Il est évident que dans le contexte actuel, tout changement dans la loi fiscale implique qu'il y ait des perdants. Sans cela, soit l'état y perd, soit il n'y a pas en fait de changement. Si ce sont toujours ceux qui payaient qui paient encore, l'opération de dupes est aussi rapidement démasquée que lorsque ce sont d'autres qui prennent le relais.
Une réforme de l'ISF est aussi plus largement un choix entre efficacité et justice. Lever de l'argent est le premier but des impôts, mais maximiser leur rendement n'est pas forcément juste, surtout si on veut aussi minimiser les efforts pour les lever. Parmi les impôts les plus importants en France figurent la TVA et la CSG, des impôts qui ne s'embarrassent pas spécialement de considérations de justice sociale mais qui l'incroyable avantage d'être difficiles à frauder. En cela, le sénateur Marini me semble commettre une erreur et se contredire. Remarquer que l'impôt est punitif revient à une critique d'efficacité, les gens se mettant à développer des comportements d'évitement. Si on veut plus d'efficacité, il faut taxer plus largement, à des taux plus faibles et donc la classe moyenne doit payer plus. L'impôt foncier — notamment sur la résidence principale — doit être augmenté si on veut plus d'efficacité: il faut bien habiter quelque part...

Conclusions

Pour conclure, l'ISF est un impôt qui est symbolique mais dont l'inefficacité est criante. Le moyen le plus simple de l'éviter semble encore être de minimiser outrageusement son patrimoine ou de le disposer de façon judicieuse. Les contribuables y sont fortement incités, notamment pour les plus riches d'entre eux, du fait des taux marginaux très élevés par rapport aux rendement faciaux actuels. Du fait de sa faible importance, le remplacer semble faisable, même si on se limite aux impôts sur le capital, l'impôt sur les successions pouvant apporter un certain secours. Toutefois se limiter aux revenus réels (par opposition au revenu fictif que procure une résidence principale) paraît un peu juste pour le remplacer sans perte.

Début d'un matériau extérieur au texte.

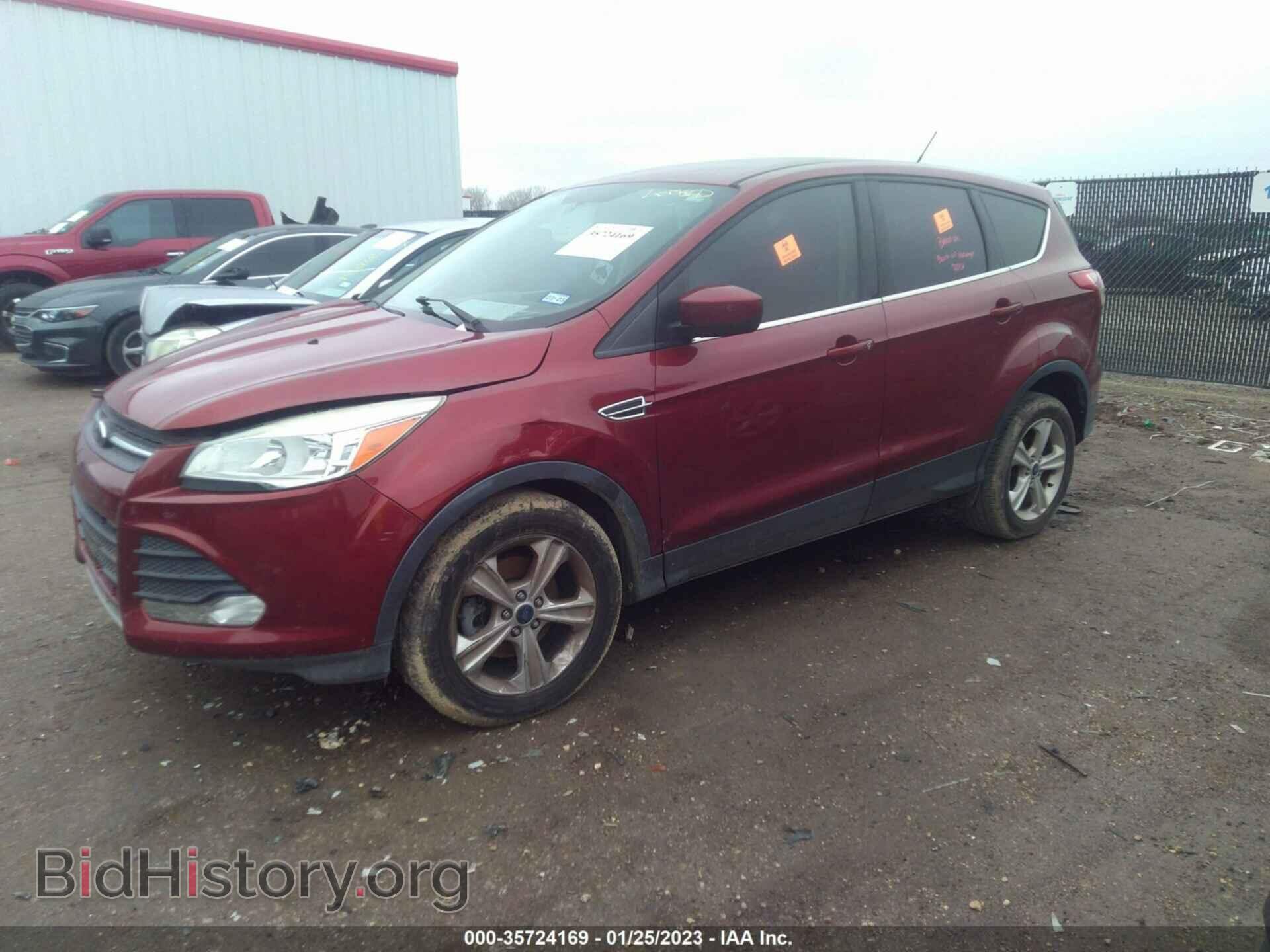 2014 FORD ESCAPE - VIN: 1FMCU0GX3EUD94836 - Фото 2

L'objectif des parlementaires de la majorité semble être de supprimer l'imposition au titre de la résidence principale, alors même que c'est à la fois un élément de revenu et quelque chose d'aisément taxable. L'objectif avoué de Nicolas Sarkozy est de taxer les seuls revenus. Dans ce cadre, on voit mal comment une suppression de l'ISF peut s'effectuer sans perte pour l'état. À moins que, comme pour bon nombre de changements effectués durant ce quinquennat, la suppression ne soit que de façade et que l'essentiel de cet impôt persiste sous un autre nom ou, encore pire, de multiples petits impôts.